**Material provided:**
──────────
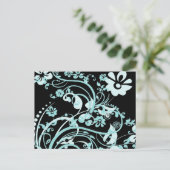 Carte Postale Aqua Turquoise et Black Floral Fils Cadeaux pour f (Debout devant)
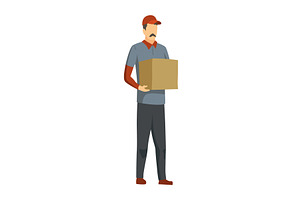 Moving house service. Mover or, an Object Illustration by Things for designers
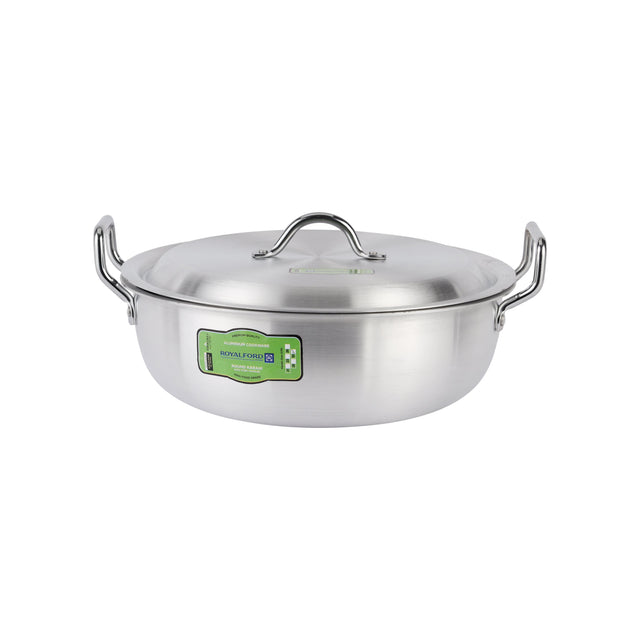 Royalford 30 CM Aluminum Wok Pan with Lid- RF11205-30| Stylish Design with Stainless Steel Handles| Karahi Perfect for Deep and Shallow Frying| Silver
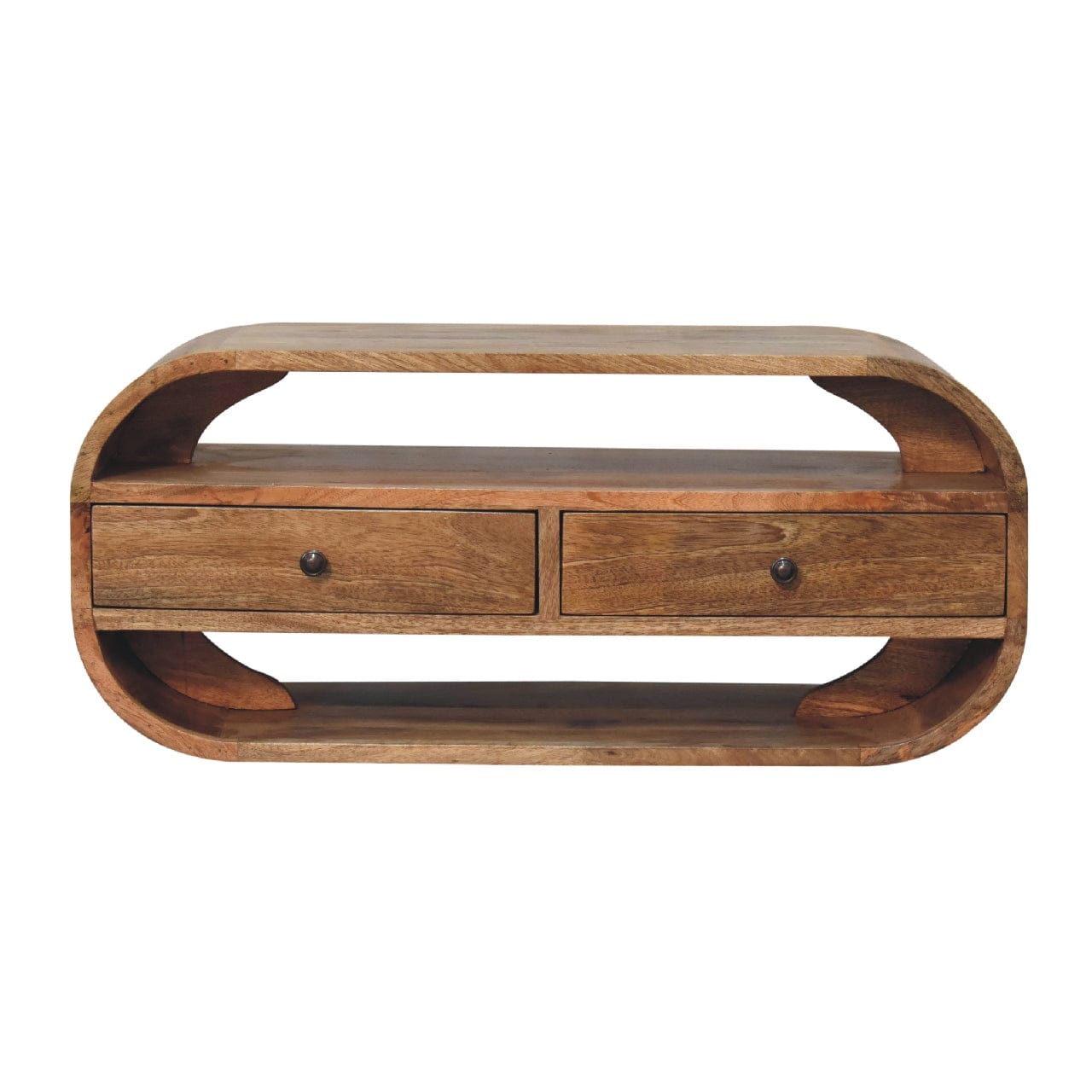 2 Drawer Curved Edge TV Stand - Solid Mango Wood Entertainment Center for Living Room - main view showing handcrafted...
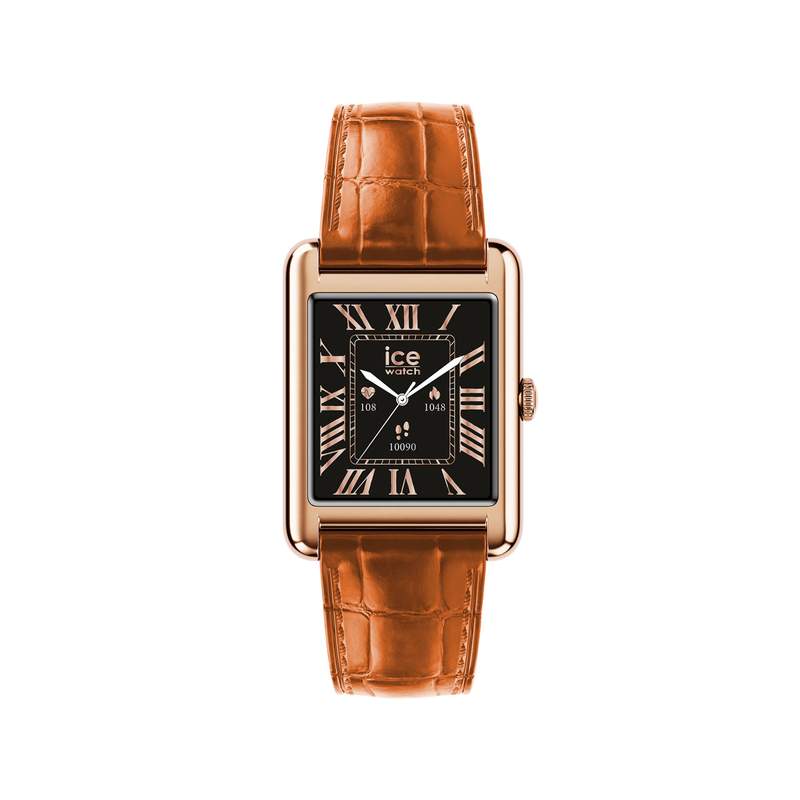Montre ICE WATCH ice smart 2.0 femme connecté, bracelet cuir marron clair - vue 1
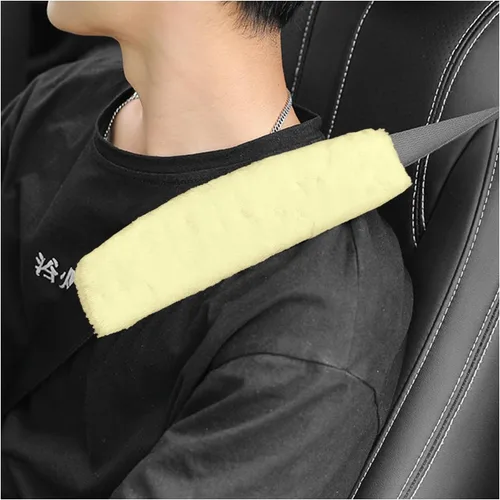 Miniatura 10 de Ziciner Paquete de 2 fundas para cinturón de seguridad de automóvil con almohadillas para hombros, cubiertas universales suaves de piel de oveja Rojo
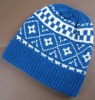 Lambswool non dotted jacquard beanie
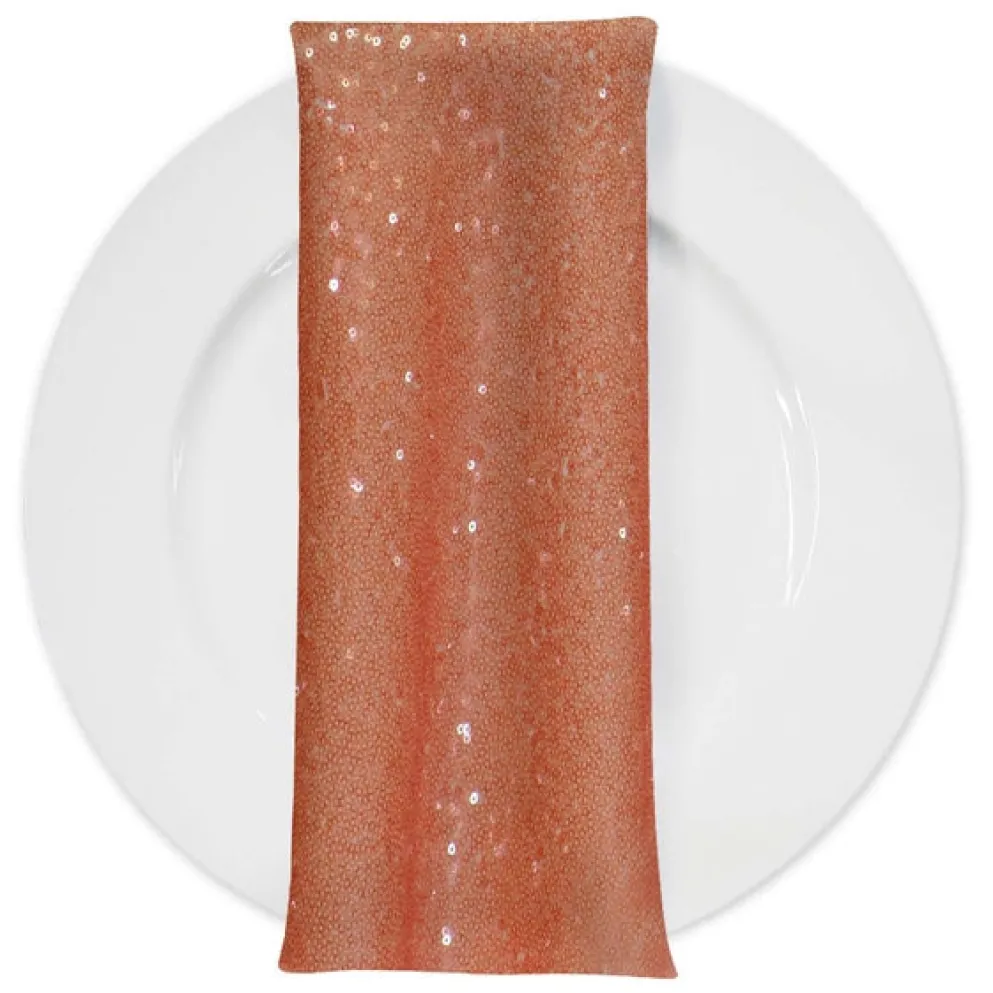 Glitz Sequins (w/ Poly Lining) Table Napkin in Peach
──────────
**Work item:**
For this exercise, write out the listing verbatim and leave every image out.

**Solution to the exercise:**
 Carte Postale Aqua Turquoise et Black Floral Fils Cadeaux pour f (Debout devant)
 Moving house service. Mover or, an Object Illustration by Things for designers
 Royalford 30 CM Aluminum Wok Pan with Lid- RF11205-30| Stylish Design with Stainless Steel Handles| Karahi Perfect for Deep and Shallow Frying| Silver
 2 Drawer Curved Edge TV Stand - Solid Mango Wood Entertainment Center for Living Room - main view showing handcrafted...
Montre ICE WATCH ice smart 2.0 femme connecté, bracelet cuir marron clair - vue 1
 Miniatura 10 de Ziciner Paquete de 2 fundas para cinturón de seguridad de automóvil con almohadillas para hombros, cubiertas universales suaves de piel de oveja Rojo
 Lambswool non dotted jacquard beanie
 Glitz Sequins (w/ Poly Lining) Table Napkin in Peach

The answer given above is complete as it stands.